More depressed patients than previously estimated may have increased activation of their immune systems

New research from the Institute of Psychiatry, Psychology & Neuroscience (IoPPN) at King’s College London has used an assessment of gene expression involved in the immune response to show that there may be more major depressive disorder (MDD) patients with activated immune systems than research has previously estimated.

By identifying the molecular mechanisms involved in this association, the research could pave the way for better identifying those patients with an immune component to their depression that could potentially help provide more personalized approaches to the treatment and management of major depressive disorder.

The research, published in Translational psychiatry it builds on previous findings that there is an activated immune response in many people with major depressive disorder.

However, most research in this area has focused on levels of inflammation-related proteins such as C-reactive protein (CRP). Studies using CRP have found that approximately 21-27% of depressed people have an activated immune response, but CRP levels don’t capture the full picture of the immune response. This new study set out to look at broader immune characteristics that are not captured by CRP levels.

168 participants were from the Biomarkers in Depression Study (BIODEP). 128 of them had a confirmed diagnosis of MDD and were then divided into three subgroups based on their blood CRP levels.

The researchers analyzed the expression of 16 genes whose activation is involved in the immune response. Gene expression is the initial stage in the process by which the information in our genes influences our characteristics and behavior. The initial analysis found higher expression of immune-related genes in people with MDD than in those without a diagnosis of depression.

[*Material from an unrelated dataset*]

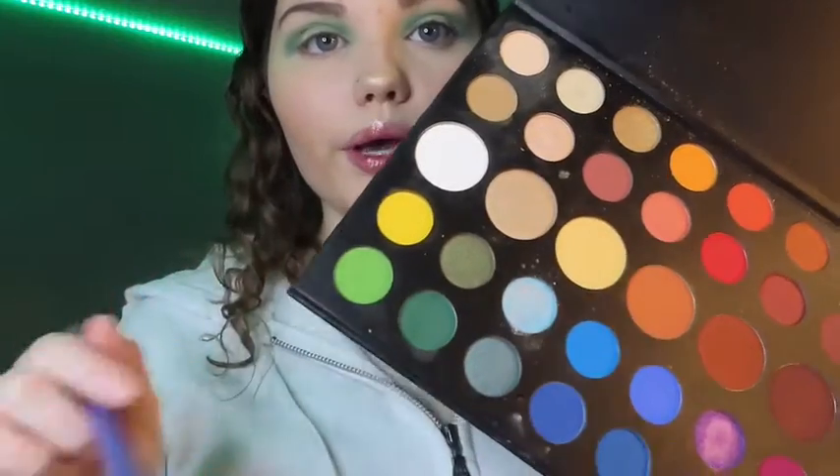So now I'm going to go in with this neon green shade and put it right above where I put that other green shade.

When comparing MDD patients who had and did not have elevated blood CRP levels, there were no differences in the expression of these 16 genes, suggesting that this expression pattern was independent of CRP levels and potentially underlies a different mechanism.

Importantly, the researchers then conducted a secondary analysis on all those participants (both with and without a diagnosis of MDD) who had CRP values ​​below 1, meaning they are not considered to have any inflammation. The researchers found that participants with MDD and low CRP levels still had significantly higher expression of immune genes than those without a diagnosis of depression.

Professor Carmine Pariante, professor of biological psychiatry at King’s IoPPN and senior author of the study, said: ‘Previous research in this field has focused significantly on C-reactive protein (CRP) levels within people with the disorder major depressive disorder, which is a known marker of inflammation but only part of the immune response.”

“Our study has successfully expanded this focus and demonstrated that there is an immune response in the genes of those with MDD that is independent of CRP levels and importantly also in those in whom inflammation is not captured by measuring CRP. This means that increased immune system activation is present in many more depressed patients than originally thought.”

“These important findings will allow us to identify the molecular pathways involved in depression and also help more accurately identify those who have different types of immune responses which could pave the way for more personalized approaches to treatment.”

Dr. Luca Sforzini, first author of the King’s IoPPN study, said: ‘These evidence helps strengthen our understanding of immune-related depression. In particular, people with depression and immune impairments are less likely to respond to standard antidepressant medications and may benefit from specific interventions targeting the immune system.”

“I hope these findings will help current and future research better characterize individuals with depression based on their immunobiological profiles, offering more effective clinical strategies to large numbers of people who do not benefit from current antidepressants.”

The evidence of an immune-related predisposition in people with depression, independent of their routinely measured levels of inflammation, may extend our concept of immune-related depression.